There isn’t a harder question in political media planning right now than how much YouTube to buy.

On one hand, it’s an enormous reach driver and belongs in almost every media plan. On the other hand, there are legitimate questions around efficiency and attention.

Note: we’re talking about YouTube, not YouTube TV. We covered YouTube TV in Impressions to Ballots #16

What’s the bull case for YouTube?

1. Massive Reach Driver

YouTube should be included in almost all political media plans. Full stop.

It’s one of the largest reach platforms available to political advertisers today.
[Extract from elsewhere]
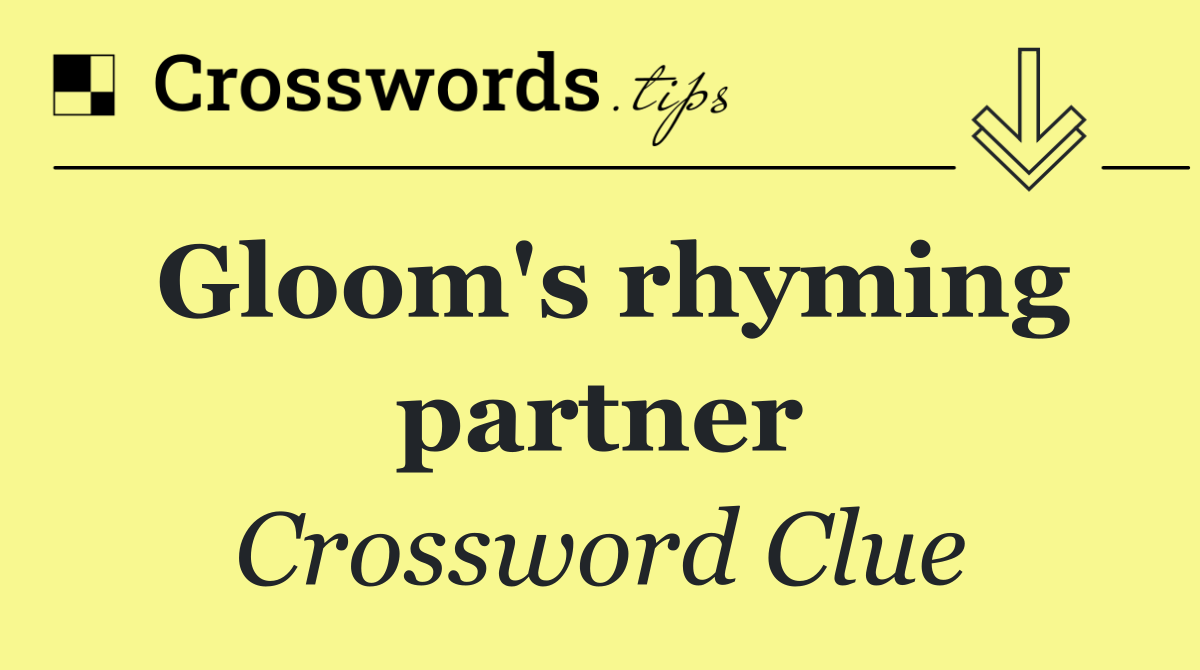 Gloom's rhyming partner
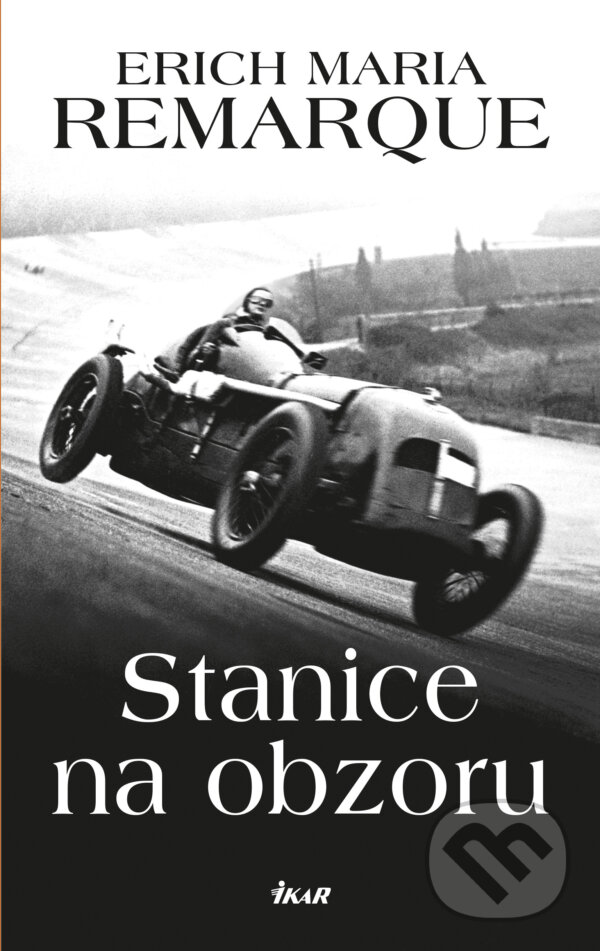 E-kniha: Stanice na obzoru (Erich Maria Remarque). Ikar CZ, 2016 E-kniha: Stanice na obzoru (Erich Maria Remarque). Ikar CZ, 2016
2. Reach across age groups

  • 70% of adults 55–64 are now reachable on YouTube

  • 54% of adults 65+ are reachable today, up from 32% in 2018

3. Most time spent on the TV screen

YouTube has a deep ecosystem of content that clearly attracts viewers and keeps them engaged.

What is the bear case for YouTube?

1. Targeting limitations

Political advertisers are restricted to:

  • Age

  • Gender

  • Geography

  • Contextual targeting

Audience targeting is not allowed.

That means campaigns will inevitably waste budget by serving impressions to people who will never vote or who would never vote for their candidate. This lowers the cost efficiency compared to highly targetable environments like CTV.

2. Attention variability

Attention on YouTube varies dramatically.

The platform contains an enormous range of content types, screen environments, and viewer behaviors. That variability leads to significant differences in attention and ad engagement.

In a recent statewide campaign we ran for a month, our YouTube ads were shown across 480K channels. YouTube is long-tail.

Analysis by TVision shows that across all dayparts, viewers pay more active attention to streaming apps than YouTube.

3. Lack of Measurement

YouTube operates as a walled garden. It’s difficult to answer basic questions, such as who was reached across platforms and how often.

Google provides strong in-platform reporting, but it doesn’t reconcile cleanly with streaming or linear.

YouTube can deliver scale, but it is harder to measure who you reached and how effective that spend was compared to more transparent environments.

Where does YouTube Premium fit?

This is something to watch over the next few years. The shift to digital and streaming viewership has given voters more options to pay to avoid ads.

YouTube Premium is Google’s answer to this demand. For $7.99 a month, you can remove most ads; for $13.99, they are all gone.

US subscribers have tripled since 2020. If this growth continues, YouTube’s ad reach will fall even if time spent on the platform continues to climb.

What does this mean for political advertisers?

  • YouTube is a reach driver. It has to be included in almost all political media plans. It is a massive driver of reach and viewership.

  • Expect waste. Limited targeting means you will hit voters outside your audience. That’s the tradeoff for scale. Budget accordingly.